Being Brains is not about brains, but about the history of making people into brains. It makes a threefold argument: firstly, claims that we are our brains predate ‘neuroscientific breakthroughs’ and derive from the re-conception of personal identity in the 17th century; second, while neuroscience bolsters these claims it does not substantiate them; and finally, overall the connection between the two is scientifically underdetermined and often ideological (Vidal and Ortega, 2017: 9–10). The scope of the argument is huge, as the authors recognize, but it is handled skilfully across four main areas of research: ‘neuroascesis’, or the cerebralization of self-help, post-1990s neuro-disciplines, specifically neuroaesthetics, neuroanthropology, and cultural neuroscience, the impact of the neuro-ideology on psychiatry, and the refraction of the neuro in literature and film.
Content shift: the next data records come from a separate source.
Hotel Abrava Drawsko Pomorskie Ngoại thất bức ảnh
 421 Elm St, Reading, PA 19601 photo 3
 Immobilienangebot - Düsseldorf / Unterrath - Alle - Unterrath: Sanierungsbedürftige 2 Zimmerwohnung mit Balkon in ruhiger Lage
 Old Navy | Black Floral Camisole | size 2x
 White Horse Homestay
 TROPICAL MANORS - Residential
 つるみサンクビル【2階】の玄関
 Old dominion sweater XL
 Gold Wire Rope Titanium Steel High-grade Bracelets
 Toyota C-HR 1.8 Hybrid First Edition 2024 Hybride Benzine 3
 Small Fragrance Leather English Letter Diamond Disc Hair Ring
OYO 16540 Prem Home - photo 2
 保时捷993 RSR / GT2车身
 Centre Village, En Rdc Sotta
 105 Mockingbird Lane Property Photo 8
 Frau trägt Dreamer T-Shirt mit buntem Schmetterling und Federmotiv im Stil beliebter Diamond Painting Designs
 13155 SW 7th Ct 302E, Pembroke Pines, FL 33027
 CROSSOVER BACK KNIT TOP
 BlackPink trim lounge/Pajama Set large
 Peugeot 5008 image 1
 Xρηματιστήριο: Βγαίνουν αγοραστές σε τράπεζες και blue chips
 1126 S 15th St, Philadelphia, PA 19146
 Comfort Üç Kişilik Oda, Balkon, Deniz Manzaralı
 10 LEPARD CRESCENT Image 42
It is hard to summarize the diversity and richness of the authors’ assessed material, but the thrust of their argument is pithily captured in the phrase ‘cortex without context simply won’t do’ (129). The experimental designs of neuro-collaboration, predominantly driven by neuroimaging, within both the humanities and psychiatry tend to pursue causal (read correlational) explanation at the expense of contextual and phenomenological factors. The ‘neuro’ is ultimately ‘uncomfortably protean’, offering different ‘ways of being a cerebral subject’ (187), and neuro-collaboration has revealed ‘the complexity of the brain’s interactions with internal and external milieus, both organic and social’ (227).
The historical argument is genealogical in the Foucauldian sense of being ‘a history of the present’ (4) which critiques post-1990s ‘neurocultures’ (or just ‘neuro’), unified by the claim that ‘the mind is what the brain does’ (3), by showing that people were doing their brains long before contemporary neuroscience. The connecting frame is anthropological. ‘Brainhood’ is an anthropological sub-category of personhood (which is historically and logically prior) that is both fairly intuitive (headaches, head injuries) and the result of a philosophical anthropology first given contour by Locke, which internalized relations of property to explain how a person relates to a body (‘every Man has a Property in his own Person’ [25]), and how a person relates to itself (continuity of memory and consciousness). ‘Personhood as brainhood’ becomes a possibility for thought (post-Locke) as a boundary case of personal identity (e.g. brain swapping), yet its historical importance is in anchoring brain science within a discourse about the modern self. It may well be the case that our minds ‘reside in or are a product of the brain’ (24), but being a brain has nothing to do with this (42). The key argument the authors make is that rather than knowledge about the brain stimulating the location of personal identity within the brain, the reverse took place.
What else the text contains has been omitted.